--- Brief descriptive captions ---
Start of Block

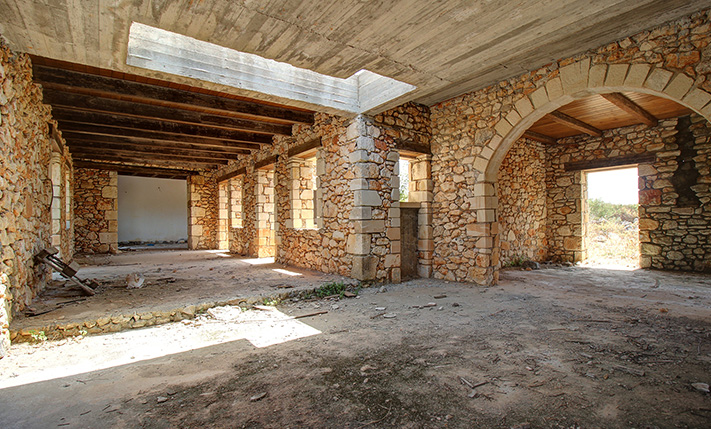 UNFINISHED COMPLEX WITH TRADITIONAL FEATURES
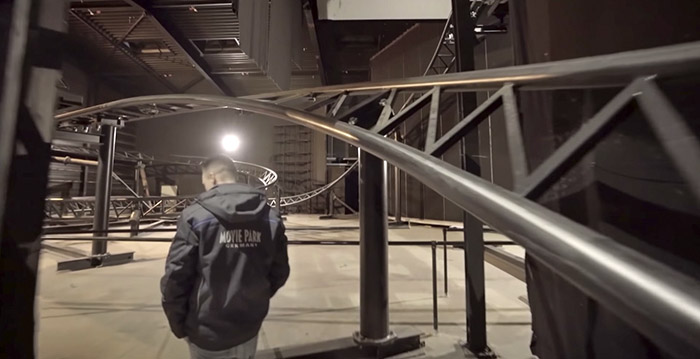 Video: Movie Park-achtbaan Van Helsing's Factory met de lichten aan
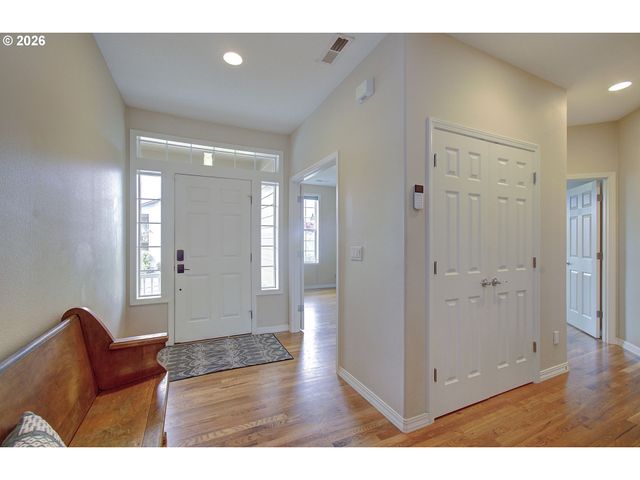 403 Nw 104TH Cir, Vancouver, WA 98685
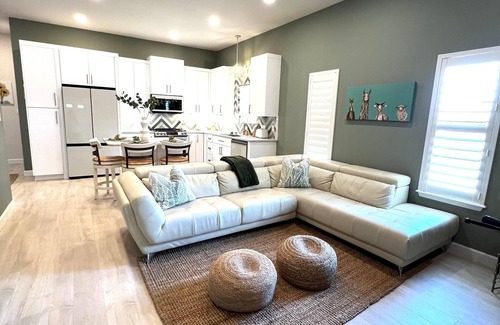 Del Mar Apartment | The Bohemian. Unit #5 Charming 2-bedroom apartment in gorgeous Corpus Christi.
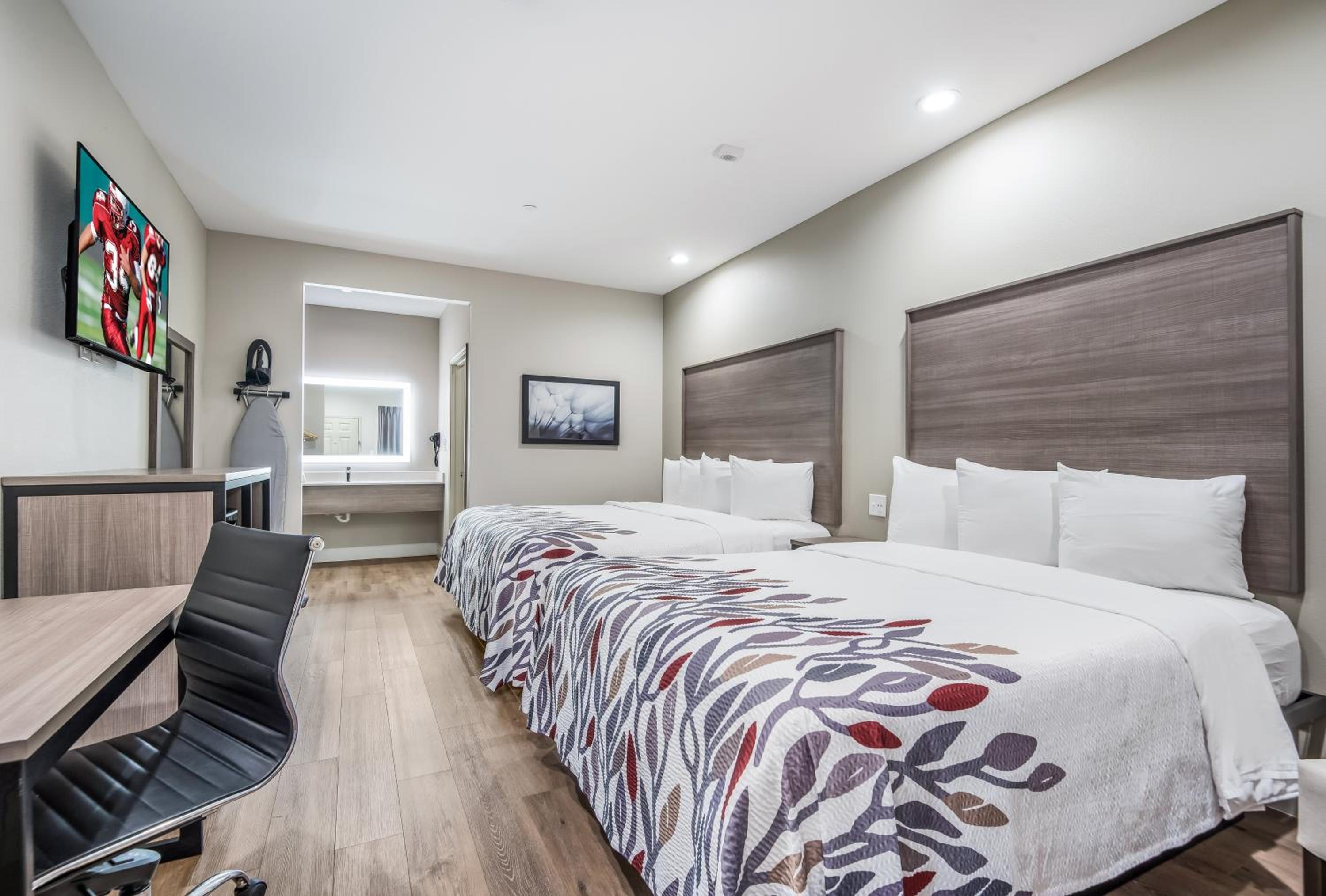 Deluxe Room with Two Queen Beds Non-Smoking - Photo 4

End of Block

--- What you have to do ---
Take the line containing "403 Nw 104TH Cir, Vancouver, WA 98685" and every line after it up to the end of the entries, and quote them exactly. Both ends count; the pictures do not.

--- Expected answer ---
 403 Nw 104TH Cir, Vancouver, WA 98685
 Del Mar Apartment | The Bohemian. Unit #5 Charming 2-bedroom apartment in gorgeous Corpus Christi.
 Deluxe Room with Two Queen Beds Non-Smoking - Photo 4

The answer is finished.